Widely Used Measures of Pre-K Classroom Quality
What We Know, Gaps in the Field, and Promising New Directions
High-quality pre-K sets children on a path for success in kindergarten and beyond. Yet most children in the United States do not attend high-quality programs, with particularly pronounced gaps in quality for children from families with low incomes, dual language learners, Black children, and Latino children.
Ensuring equitable access to high-quality pre-K requires being able to measure quality, particularly at a large scale. Accurate, reliable, and timely measurement of pre-K quality can help parents make better choices when they have multiple early learning options, and can help policymakers, school administrators, and educators improve the quality of early education settings. At its core, early childhood measurement is an equity issue.

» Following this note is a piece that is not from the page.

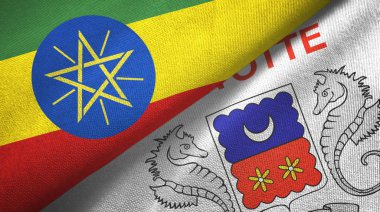 Etiyopya ve Mayotte iki bayrak tekstil kumaşı, kumaş dokusu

Although there are many available measures of the learning experiences of children in pre-K, only a few have been widely used. As reviewed in this brief, these commonly used measures have many strengths, such as facilitating cross-system comparisons of quality and identifying areas for teachers’ growth. However, existing widely used measures tend to be weak predictors of gains in children’s skills in pre-K, overlook individual learning experiences, pay limited attention to cultural responsiveness, and typically do not measure the content of children’s learning. Policymakers, program administrators, and teachers can only respond to what is measured. Because of these shortcomings, when used in isolation, these measures may unintentionally hold back progress critical to closing gaps in early learning quality, equity, and opportunity.

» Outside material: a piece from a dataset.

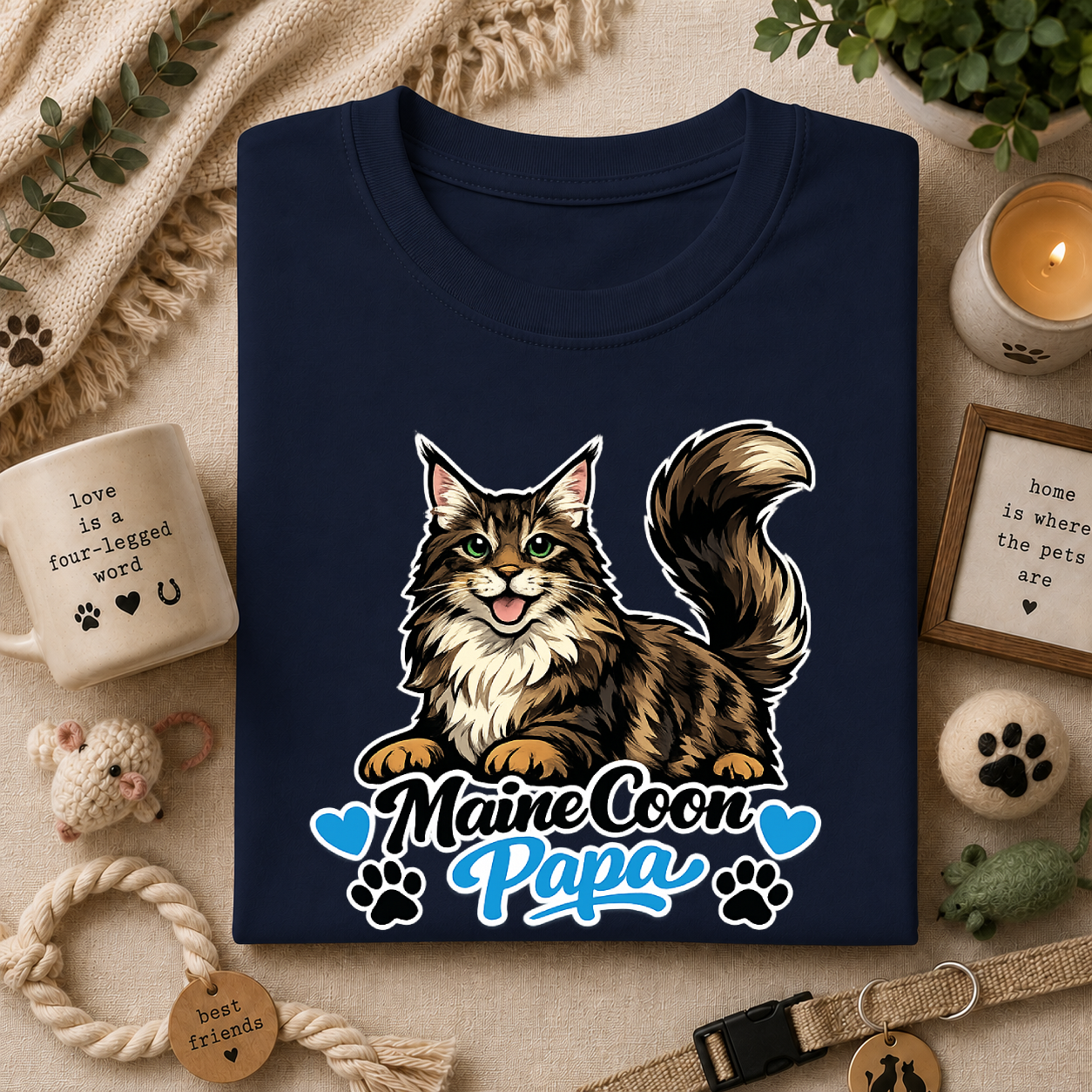 Maine Coon Papa T-Shirt — Cool Cat Dad Tee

These limitations have led experts to call for a new generation of quality measurement work in early childhood. Some of this work has already begun. This brief describes the existing landscape of widely used measures of pre-K quality, further spotlights some of the newer measurement work, and concludes with a discussion of future directions for the field. Investing now to strengthen measures of pre-K quality is critical to building equitable early learning opportunities for children from historically marginalized groups.